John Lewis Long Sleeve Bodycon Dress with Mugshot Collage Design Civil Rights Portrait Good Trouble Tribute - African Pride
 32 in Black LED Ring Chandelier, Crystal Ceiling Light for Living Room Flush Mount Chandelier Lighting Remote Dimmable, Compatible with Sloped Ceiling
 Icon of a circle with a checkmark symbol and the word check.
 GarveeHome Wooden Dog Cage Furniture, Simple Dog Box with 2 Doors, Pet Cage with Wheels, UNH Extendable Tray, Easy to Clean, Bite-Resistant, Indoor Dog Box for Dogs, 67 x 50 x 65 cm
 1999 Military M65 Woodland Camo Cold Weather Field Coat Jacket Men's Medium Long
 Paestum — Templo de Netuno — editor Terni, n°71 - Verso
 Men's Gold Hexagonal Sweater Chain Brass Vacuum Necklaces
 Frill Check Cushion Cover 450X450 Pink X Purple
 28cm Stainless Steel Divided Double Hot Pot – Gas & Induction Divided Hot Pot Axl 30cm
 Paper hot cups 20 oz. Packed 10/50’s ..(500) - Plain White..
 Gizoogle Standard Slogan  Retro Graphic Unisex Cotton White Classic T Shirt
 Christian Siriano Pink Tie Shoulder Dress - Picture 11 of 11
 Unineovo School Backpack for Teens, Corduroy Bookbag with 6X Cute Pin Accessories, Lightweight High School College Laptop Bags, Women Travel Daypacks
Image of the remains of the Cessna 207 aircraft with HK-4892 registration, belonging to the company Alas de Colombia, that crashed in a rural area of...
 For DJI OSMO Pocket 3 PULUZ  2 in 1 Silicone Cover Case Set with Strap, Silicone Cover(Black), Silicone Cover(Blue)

WORK ITEM = The answer should be a single number: how many lines in the records contain "Pink".

REPLY = 2